Sinisa, mancino di pietra
Figlio di un camionista serbo e di un’operaia croata che lavorava in un calzaturificio, Sinisa Mihajlovic nacque a Vukovar il 20 febbraio 1969. Subito in luce nel Borovo, ha un sinistro irresistibile: potente, preciso, tagliente. “Mancino di pietra” il suo soprannome. La Vojvodina lo acquista 19enne nell’estate ’88: il 9 luglio esordisce in Coppa Intertoto contro gli austriaci dello Sturm, poi il 6 agosto il debutto nel massimo campionato jugoslavo (vittoria 2-1 a Sarajevo) e una settimana dopo la prima rete contro l’Hajduk.

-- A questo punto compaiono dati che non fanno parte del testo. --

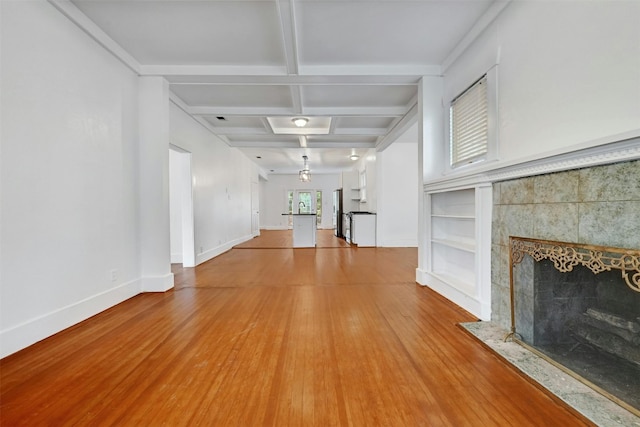 unfurnished living room featuring a fireplace, light wood-type flooring, sink, coffered ceiling, and beam ceiling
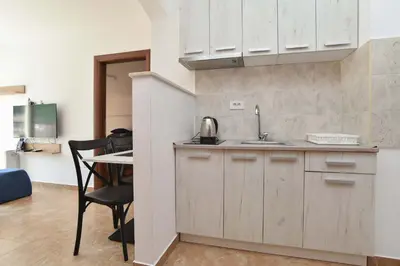 a kitchen with white cabinets and a table and a chair at Omega 1 Apartment Budva in Budva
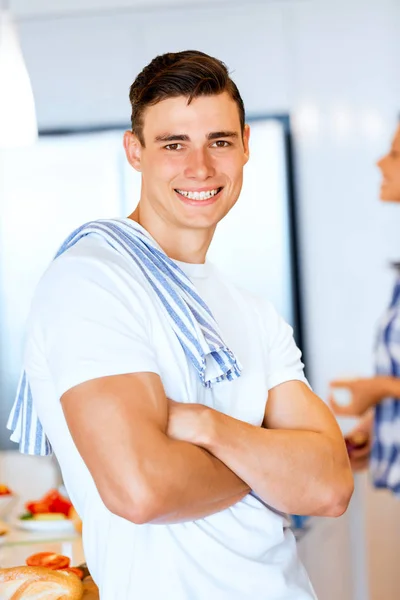 Молодий чоловік стоїть на кухні і посміхається — стокове фото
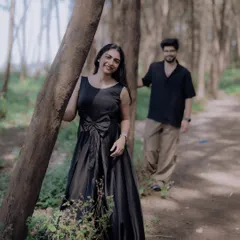 A lovely, candid shot of the bride-to-be, with her partner in the soft-focused background. This style of portrait adds depth and a storytelling element to the photo.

Vince subito uno storico titolo. È un duro, un guerriero. Nel gennaio 1991 si trasferisce a Belgrado nella Stella Rossa dove conquista a Bari la Coppa dei Campioni (ai rigori sul Marsiglia) e a Tokyo la Coppa Intercontinentale contro i cileni del Colo Colo. Il suo connazionale Boskov lo chiama alla Roma nel ’92. Nell’estate ’94 passa alla Sampdoria: a Genova incontra lo stratega svedese Eriksson che gli cambia il ruolo spostandolo in mezzo alla difesa, a comandare le operazioni. Nel 1998 va alla Lazio ritrovando Eriksson in panchina. In biancoceleste vince Coppa Coppe, Supercoppa Uefa, uno scudetto, due Coppe Italia e una Supercoppa di Lega. Chiude la carriera agonistica nell’Inter vincendo un altro scudetto, altre due Coppe Italia e un’altra Supercoppa di Lega. Formidabile specialista sulle punizioni: 66 realizzate in carriera (“tripla magia” in 23’ al doriano Ferron in Lazio-Samp 5-2 del ’98). “Miha” morirà a Roma il dicembre 2022, a 53 anni, per una forma acuta di leucemia. Un altro asso nato nel 1969 era l’argentino Batistuta, che tuttavia trasvolò l’Atlantico solo nell’estate ’91, a 22 anni e mezzo, lasciando il Boca per la Fiorentina. Regolamento alla mano, non avrebbe potuto figurare tra i candidati al Golden Boy.
Shearer golfista mancato
Suo padre Alan sognava per lui una carriera alla Nick Faldo, forse il più grande golfista britannico, ma non lo ostacolò quando Alan jr preferiva molto di più il pallone da calcio in PVC alla pallina di resina termoplastica con le fossette. Ed è così che Alan Shearer è diventato un campione inglese del football. Talento precoce sin dai tempi del Wallsend Boys Club, accademia calcistica a pochi chilometri da Gosforth, sobborgo di Newcastle dov’è nato il 13 agosto 1970. Lo chiamavano “Smokey” perché adorava le patatine croccanti al gusto di bacon affumicato. A 15 anni viene acquistato dal Southampton, con cui esordisce da subentrato in First Division (allora si chiamava così l’attuale Premier League) a 17 anni, 7 mesi e 13 giorni il 26 marzo 1988 a Stamford Bridge contro il Chelsea. Due settimane dopo, 9 aprile, parte titolare in casa contro l’Arsenal: firma una tripletta (4-1 per i “Saints”) e diventa il più giovane calciatore a realizzare un “hat-trick” nel campionato inglese a 17 anni e 240 giorni cancellando il record di Greaves. Farà poi altre 10 triplette e una cinquina in Premier League. Nel ’92 il passaggio ai Blackburn Rovers (titolo nel ’95) e dal ’96 eccolo “profeta in patria” nella sua Newcastle. È tuttora il più prolifico cannoniere nella storia del campionato inglese: 260 gol in 440 partite. Top scorer con 5 reti agli Europei ’96. Tre volte capocannoniere della Premier League. Inserito per tre anni di fila tra i candidati al Pallone d’Oro (1995, ’96, ’97), raggiunse il podio nel 1996 alle spalle del vincitore Sammer e del brasiliano Ronaldo. Anche il bi-campione del mondo brasiliano Cafu è nato nel 1970, ma aveva già 24 anni quando firmò il primo contratto con un club europeo, il Saragozza. Ineleggibile per le regole del Golden Boy.